Le plus zélé et le moins discret, Abdoulaye Wade a saisi la balle au bond. C’est une occasion rêvée pour lui de faire diversion au moment où les défections des Chefs d’Etat se multiplient pour participer au sommet de l’OCI qui doit se tenir à Dakar. La parade est donc toute trouvée pour atténuer l’onde de choc d’un éventuel échec du sommet. Pour être sûr de réussir son coup, Wade a tout prévu. Chose incroyable, un texte a été préparé à l’avance avant tout discussion, avant toute négociation, une première dans les annales diplomatiques, un texte général et abstrait autour duquel tout le monde peut être d’accord, accompagné d’un accord de mise en œuvre qui prévoit que le Soudan s’engage à désarmer les « bandes » rebelles tchadiennes comme les nomme Abdoulaye Wade et que les partenaires étrangers à savoir la France, l’Union Européenne, l’Union Africaine, le secrétaire général des nations unies  et les Etats-Unis seraient garants du respect des engagements des uns et des autres.

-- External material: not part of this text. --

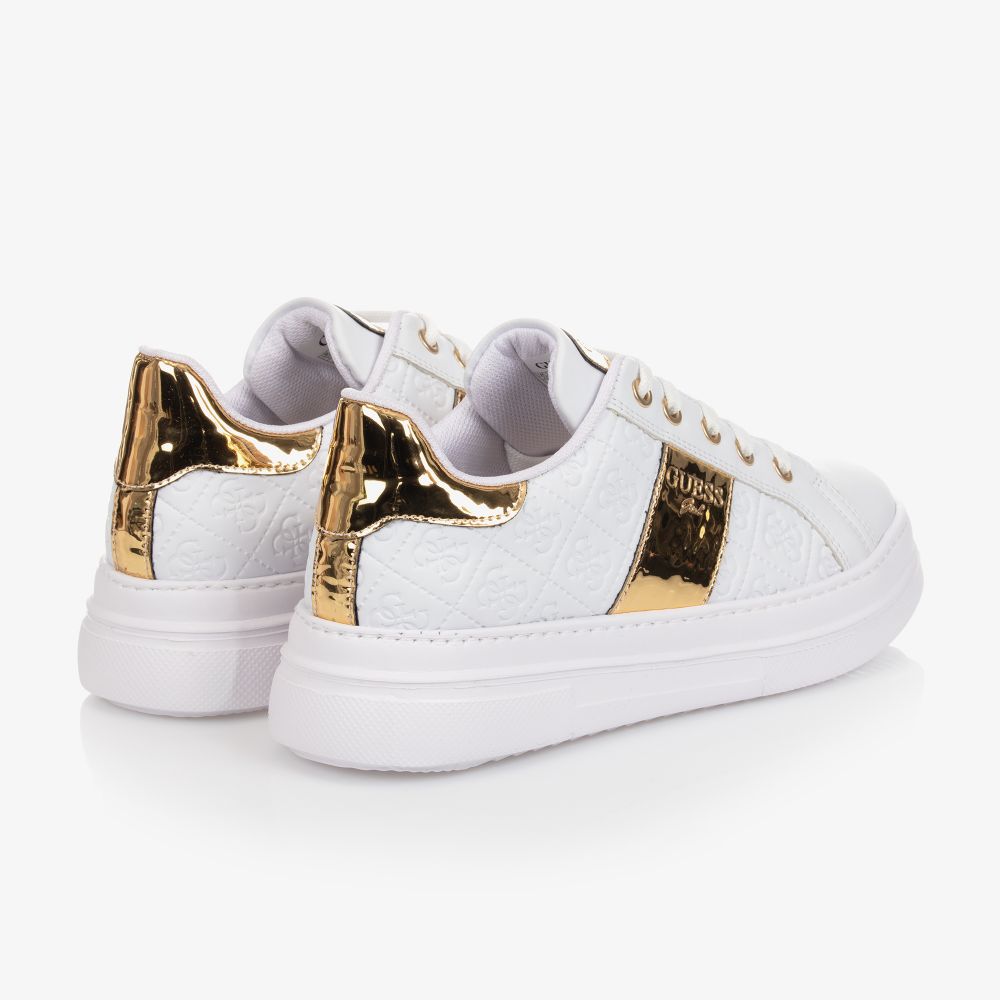 Guess-Teen White & Gold Trainers | Childrensalon Outlet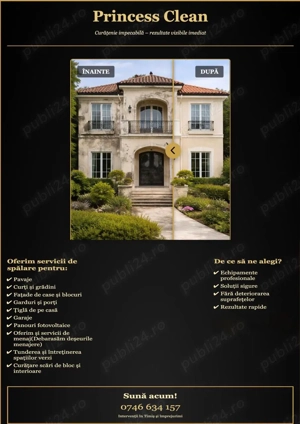 Clean Princess power jet spălare sub presiune HALE  ACOPERISURI FAȚADE PAVAJE GARDURI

Depuis une semaine, Wade mousse à fond la désormais « réconciliation définitive » entre le Tchad et Soudan, il a lancé un appel aux chefs religieux du Sénégal pour prier pour la paix entre les deux pays. Le calcul de Wade est d’arriver à récupérer un peu de prestige pour limiter les critiques de l’après OCI.
Le calcul de la France est de donner l’impression d’avoir réussi à apaiser le climat entre le Tchad et le Soudan et de chercher à contrer les rebelles.
Le calcul de Deby est d’obéir aux volontés des français d’une part, d’autre part le schéma proposé ne parle pas des politico-militaires, c’est tout bénéfice pour lui. Par ailleurs, Abdoulaye Wade a déclaré qu’Idriss Deby lui aurait fait part de son inquiétude concernant une possibilité de coup d’Etat durant son séjour à Dakar. Le président sénégalais a ajouté avoir obtenu de Nicolas Sarkozy qu’il assure les arrières de Deby pendant son déplacement à Dakar. On croit rêver !
Quant au Soudan, il faut préciser qu’il est sorti renforcer des événements politico-militaires de N’djaména. Pourquoi ?
Premièrement, le Tchad n’a jamais réussi à faire condamner le Soudan pour son éventuel soutien à la rébellion tchadienne.
Deuxièmement, Deby a été obligé d’appeler à la rescousse la rébellion soudanaise du Darfour pour essayer de défendre N’djaména. Ce faisant les rebelles soudanais ont franchi la frontière de leur pays pour arriver jusqu’à N’djaména et ce massivement.
Dès lors, toutes leurs positions à l’intérieur du Soudan, ont été immédiatement investies par l’armée soudanaise qui assure, de fait, aujourd’hui le contrôle de la totalité de son territoire. La preuve ? La riposte immédiate des Soudanais lorsque les soldats français de l’Eufor ont violé leur frontière. Parallèlement, aujourd’hui les rebelles du Darfour campent dans les villes tchadiennes de Mongo, Ati, Abéché et N’djaména.
C’est donc un Soudan en position de force qui fera éventuellement le déplacement de Dakar, acceptera t-il de se laisser emmailler dans un accord tortueux managé par des pseudo-médiateurs ?

Comme on peut le constater, tous les acteurs de cette vaste comédie travaillent avant tout pour eux mêmes. Vouloir ignorer les rebelles tchadiens et croire qu’on pourra les faire disparaître d’un coup de baguette magique en pratiquant la politique de l’autruche, ne changera rien à la donne sur le terrain.

Après plusieurs interventions militaires de 1969 à nos jours, les autorités françaises refusent toujours de penser autrement le Tchad. De De gaulle à Sarkozy en passant par Giscard, Mitterrand et Chirac, la classe politique française n’aura finalement réussi qu’à produire des hommes politiques formatés pour nous mépriser et nous piétiner.
De cette politique de violence à notre égard, va naître quelque chose de puissant, trois signes le prouvent. L’extraordinaire coup de gueule voire le ras-le-bol de Mr. Salibou Garba chef d’un parti politique d’opposition face l’ambassadeur de l’UE Mr. Desesquelles.      
Mais aussi, la formidable marche des Tchadiens à Paris, Londres, Montréal pour dénoncer la politique française au Tchad. Et enfin, l’incroyable détermination de Mr. Yorongar et son immense courage face à la lâcheté d’un Deby connu avant tout pour ses coups bas.